INSTRUCTIONS TO FOLLOW —
Nothing outside the stretch is wanted. Repeat exactly the lines of the listing below from the one that contains "The last reflex" through the one that contains "Although these ratings", both ends included.
[[ GIVEN ENTRIES open ]]
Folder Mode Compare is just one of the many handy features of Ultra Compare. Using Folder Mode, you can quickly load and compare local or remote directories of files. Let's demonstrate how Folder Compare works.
[[ GIVEN ENTRIES closed ]]
[[ GIVEN ENTRIES open ]]
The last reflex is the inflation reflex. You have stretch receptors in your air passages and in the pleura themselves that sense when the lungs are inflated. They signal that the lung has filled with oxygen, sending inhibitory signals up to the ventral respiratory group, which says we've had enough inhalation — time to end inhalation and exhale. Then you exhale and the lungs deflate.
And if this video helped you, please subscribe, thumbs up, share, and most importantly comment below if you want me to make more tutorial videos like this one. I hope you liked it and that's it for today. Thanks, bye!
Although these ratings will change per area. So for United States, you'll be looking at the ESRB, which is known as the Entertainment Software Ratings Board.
[[ GIVEN ENTRIES closed ]]
[[ GIVEN ENTRIES open ]]
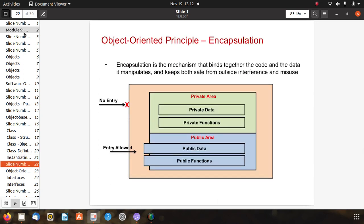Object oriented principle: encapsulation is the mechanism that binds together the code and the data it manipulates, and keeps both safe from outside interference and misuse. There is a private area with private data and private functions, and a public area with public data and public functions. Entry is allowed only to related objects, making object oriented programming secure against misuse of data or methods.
[[ GIVEN ENTRIES closed ]]
EXERCISE RESULT —
The last reflex is the inflation reflex. You have stretch receptors in your air passages and in the pleura themselves that sense when the lungs are inflated. They signal that the lung has filled with oxygen, sending inhibitory signals up to the ventral respiratory group, which says we've had enough inhalation — time to end inhalation and exhale. Then you exhale and the lungs deflate.
And if this video helped you, please subscribe, thumbs up, share, and most importantly comment below if you want me to make more tutorial videos like this one. I hope you liked it and that's it for today. Thanks, bye!
Although these ratings will change per area. So for United States, you'll be looking at the ESRB, which is known as the Entertainment Software Ratings Board.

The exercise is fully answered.